OrthoGrid completes first successful testing of AI-powered software for trauma in live surgery

OrthoGrid completes first successful testing of AI-powered software for trauma in live surgery

OrthoGrid Systems has carried out the first successful testing of its artificial intelligence (AI)-powered software solution in live trauma surgery at University Medical Center (UMC) in the US state of Nevada.

OrthoGrid set out to demonstrate that AI has an important role to play intraoperatively. Richard Boddington, co-founder and co-CEO of OrthoGrid, explained: “This is a huge step towards image-guided automation made possible by our advanced, deep learning-based algorithms applied to a specific, yet universal, use case in orthopaedic surgery.”

Dr Jessica Bear, orthopaedic trauma surgeon at UMC, said: “We frequently use fluoroscopic images to determine the starting point and incremental advancement of instruments and implants as we’re repairing fractures in orthopaedic trauma surgery. Having the ability to visualise the anticipated trajectory of our instruments and implants in real time offers the hope of improved efficiency, accuracy, and reproducibility.”

Collaboratively with the product development team based in Utah, researchers from OrthoGrid’s Center for Orthopedic Technology Research and Education in France have developed a complex, neural network-driven framework that has the capability to identify and track implants, instruments and surgical tools.
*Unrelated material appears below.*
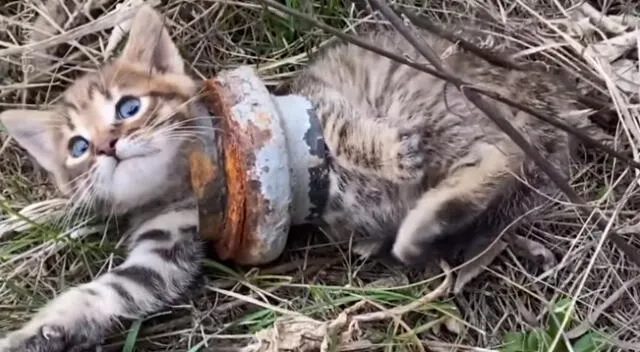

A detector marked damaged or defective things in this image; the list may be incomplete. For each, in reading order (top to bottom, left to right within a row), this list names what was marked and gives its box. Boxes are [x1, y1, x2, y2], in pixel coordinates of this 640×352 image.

rusty metal pipe [189, 66, 330, 266]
This milestone paves the way for OrthoGrid’s technology to solve many more intraoperative challenges that are currently unassisted or unsupported digitally.

Professor Erik Kubiak, vice chair of the Department of Orthopedics at University of Nevada in Las Vegas, said: “With real-time applications that support my existing workflow, the adoption is immediate and seamless without a learning curve. I can spend more time focusing on my quality of treatment, not adapting to a new device.”

Edouard Saget, co-founder and co-CEO of OrthoGrid, added: “At first, automation is meant to augment or disrupt the method by which a standard practice is executed, not the established practice itself. Our aim is to support surgeons’ ability to be more proficient in what they know how and love to do: operate.”

In addition to achieving this advancement, OrthoGrid has tackled important issues such as fluoroscopic distortion correction, a critical step to improving accuracy in orthopaedic surgery. 

Now the company is focused on further testing and optimisation of its AI-powered software solution, which it expects to integrate into its regulatory approved universal trauma application in the second half of 2020.